My first winter in Vermont we tried to make the soaring season last all year, a noble enough aspiration if you don't mind knee-deep snow everywhere. It makes even the ordinary chores of preparing for flight too bothersome, but the main problem is snow on the runway. In December they plow it out past the lights, and push it well off each end so you can see those lights too. But where to put the stuff in January? Snowbanks grow after each storm, creeping inward, and eventually bury the lights under hardening ice. By February the airport was unusable for sane pilots, but wave conditions were super and someone wanted to give it a try. I trooped out to the runway's approach end with a rolled up aerial banner, paced the available width and laid the big red cylinder in the exact middle as an aim point. We would have about three or four feet of clearance on each wingtip. (Now you're thinking WAIT, nobody's that dumb! So am I, today. But that was then. My good angel tried to intervene but her evil twin had his hand over her mouth. The muffled screams were only childish fear, I told myself. Besides, if this idea was as bad as it seemed, why was everyone else going along with it?)The flight went okay, spectacular in fact, but cold enough to render feet and fingers utterly numb. Then on final approach I woke up crabbing bigtime into a gusty crosswind. That angle would widen our margin between the ice berms – if I stayed centered – but could not soften them if I didn't. As we bore down on our red cylinder (it looked like a dot from mid-final), I noticed the white center line was obscured by shifting scatters of loose snow... and only then fully recognized the danger. We needed to get stopped as soon as possible, but with too much wheel brake on a slick patch we might break loose and become an air-hockey puck... If I didn't nail this, seconds from RIGHT NOW the aircraft could be a total wreck...

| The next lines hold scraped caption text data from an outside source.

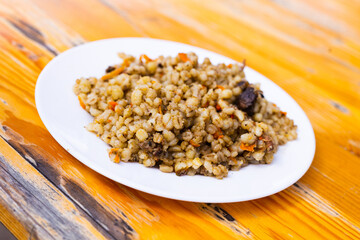 pearl barley porridge with mushrooms on a white plate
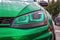 Green led headlights with lens on green modified tuned car. Custom car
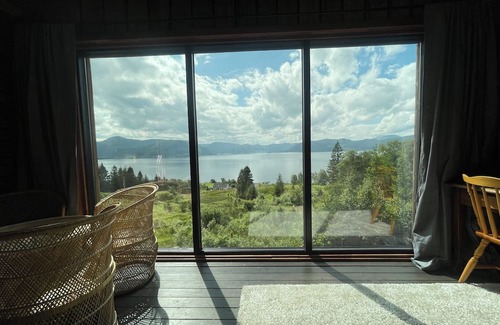Fiskabygd Kabine | Stunning fiord panorama view off-grid forest cabin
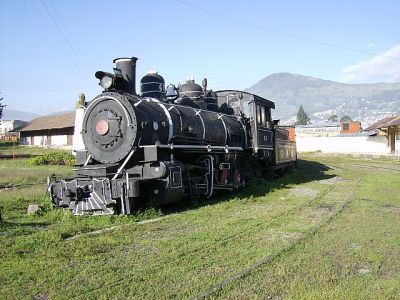 Ferrocarriles Ecuatorianos
Im Bahnhof Quito (Estacion Chimbacalle) steht die Dampflokomotive 45 als Denkmal vor einem geschlossenen Güterwagen und einem Personenwagen. 
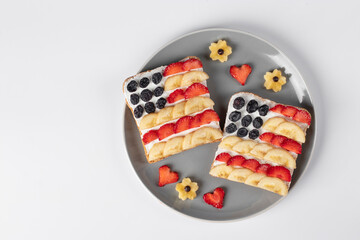 American flag sandwiches with fruit and cream cheese on rye bread on gray plate on white...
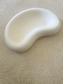 Handmade Home Accessories - A angled view of a white trinket tray that in in the shape of a jelly bean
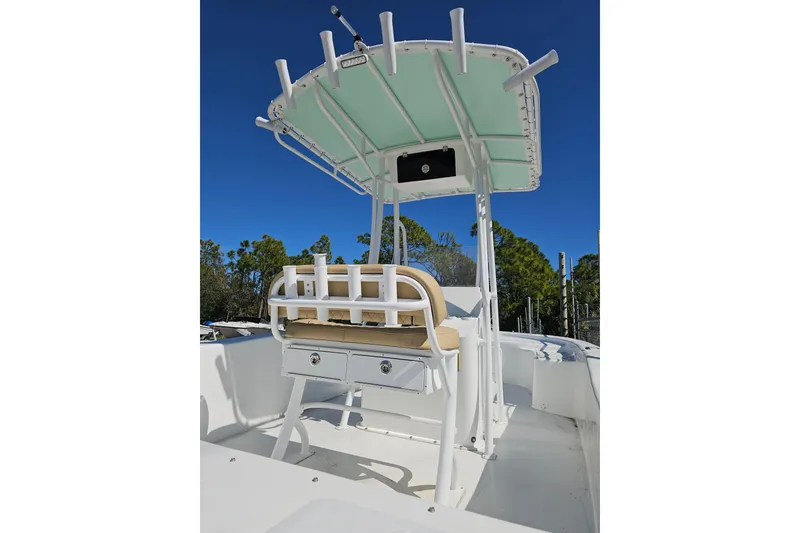 Slide: The Image of 2025 Savannah SS21 boat with T-top and rod holders under clear blue sky. - 3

Such realization tends to sharpen one's vision. I postponed our inevitable weathervane to a stop only until the snowbank opened at a midfield taxiway. (If wind were from the other side we'd have been S-O-L.)

The peril I'd put my front-seater in, of slamming into an ice bank, left me ashamed and nauseated, but he seemed oblivious so I never mentioned it. Well before touchdown, though, I'd already learned that day's lesson. Heeding it, and a thousand other monitions, is the only reason I'm still flying today!